ENTRIES SHOWN:

^^^^^^^^

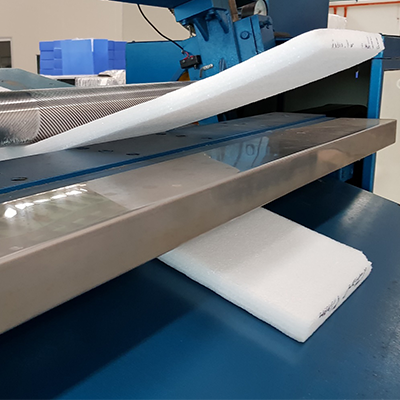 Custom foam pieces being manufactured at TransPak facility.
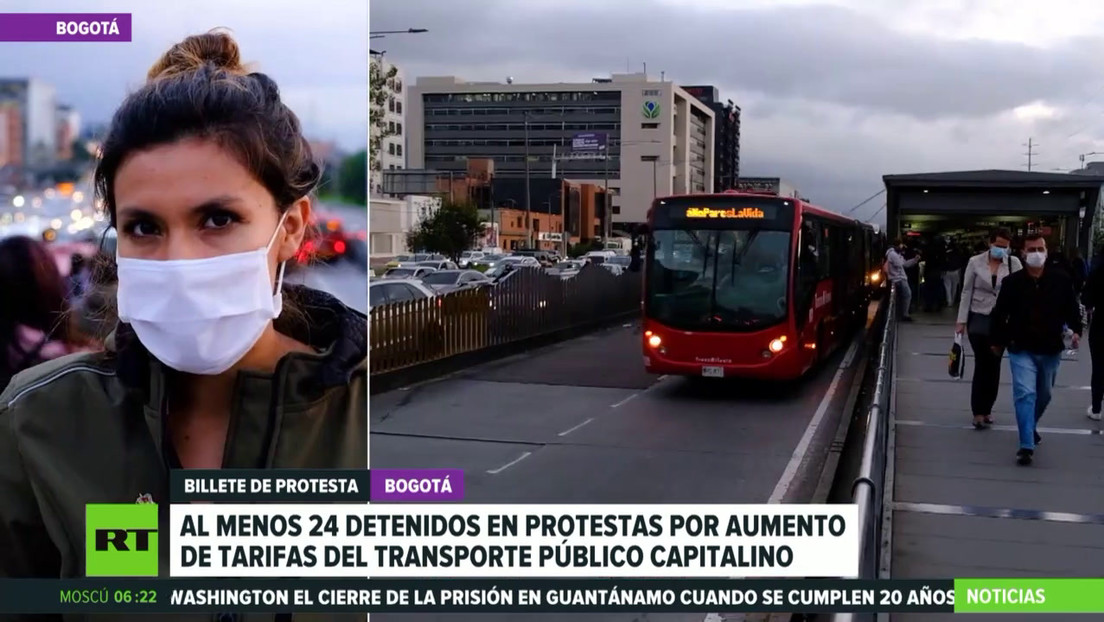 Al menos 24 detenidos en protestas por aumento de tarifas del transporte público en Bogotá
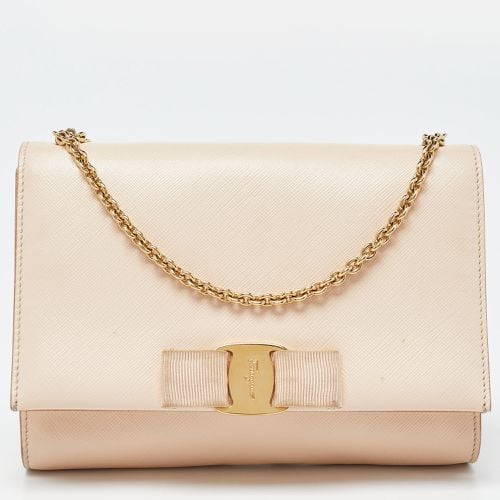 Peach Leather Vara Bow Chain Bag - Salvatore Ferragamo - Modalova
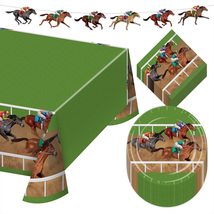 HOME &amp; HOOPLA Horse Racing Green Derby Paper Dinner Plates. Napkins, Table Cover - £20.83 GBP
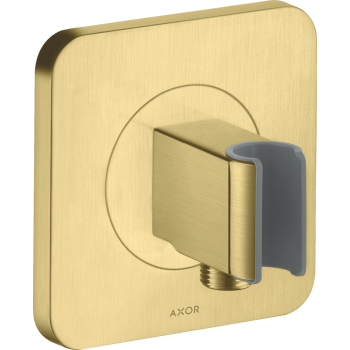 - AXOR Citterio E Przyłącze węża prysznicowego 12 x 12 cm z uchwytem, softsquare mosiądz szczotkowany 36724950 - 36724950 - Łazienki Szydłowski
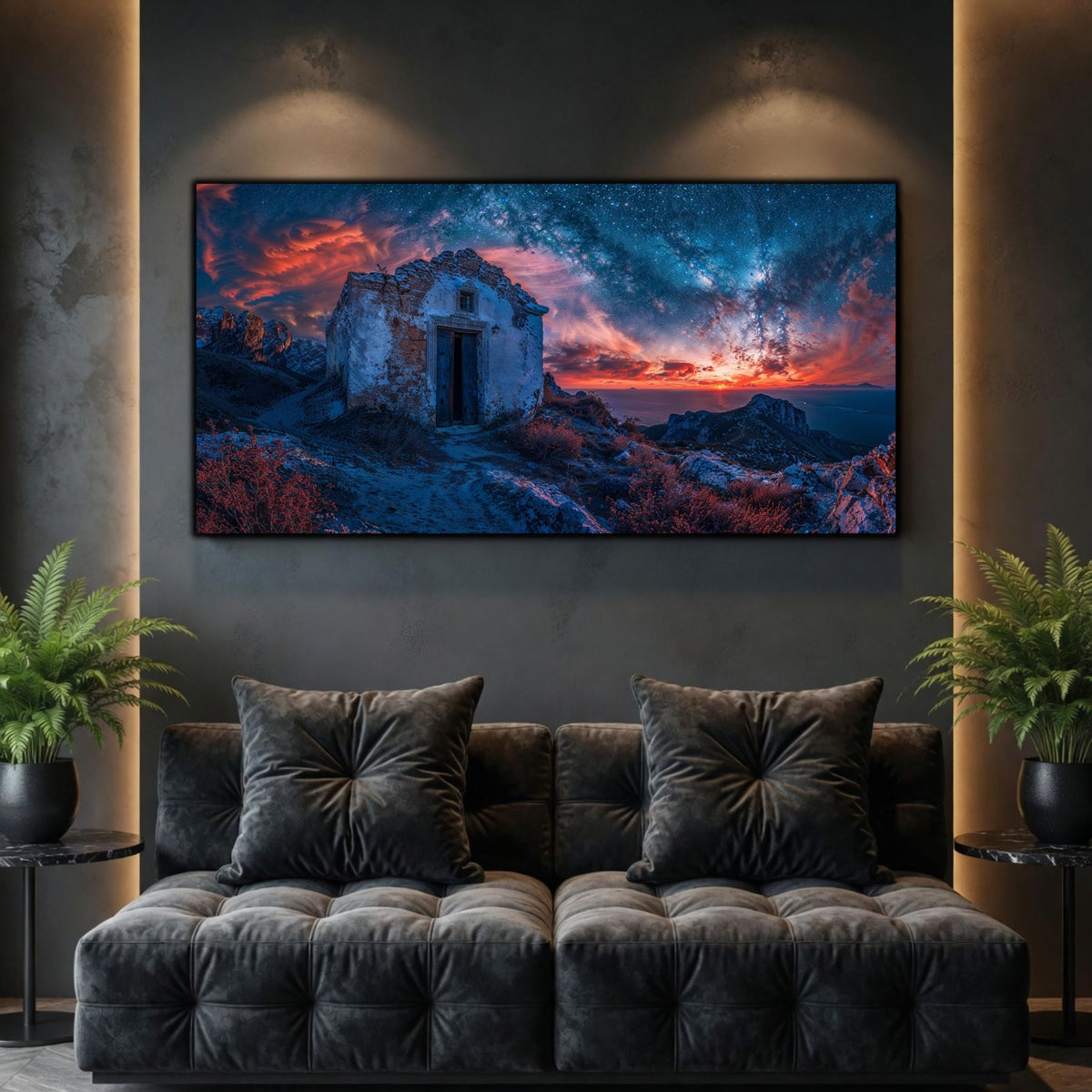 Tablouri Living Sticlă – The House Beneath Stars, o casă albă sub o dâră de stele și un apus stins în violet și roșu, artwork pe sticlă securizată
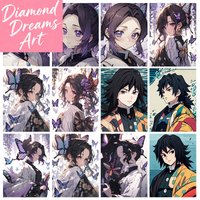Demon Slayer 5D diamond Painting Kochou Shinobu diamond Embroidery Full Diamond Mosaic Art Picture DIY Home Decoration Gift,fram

^^^^^^^^

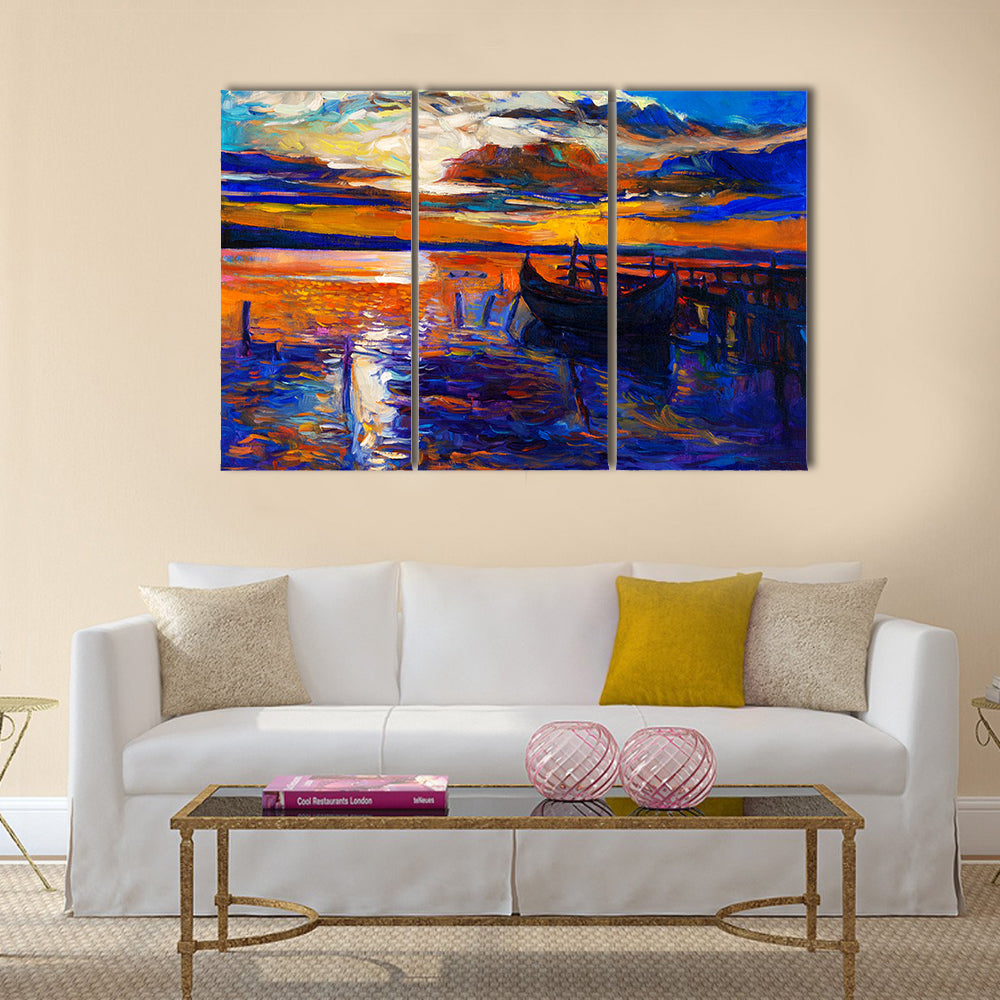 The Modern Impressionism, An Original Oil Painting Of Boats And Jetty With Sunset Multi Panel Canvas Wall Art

^^^^^^^^

EXERCISE PROMPT:
Using the data above, retype exactly and only the lines from the one containing "Tablouri Living Sticlă" up to and including the one containing "Demon Slayer 5D", with no pictures carried over.

OUTPUT FOR THIS TASK:
 Tablouri Living Sticlă – The House Beneath Stars, o casă albă sub o dâră de stele și un apus stins în violet și roșu, artwork pe sticlă securizată
Demon Slayer 5D diamond Painting Kochou Shinobu diamond Embroidery Full Diamond Mosaic Art Picture DIY Home Decoration Gift,fram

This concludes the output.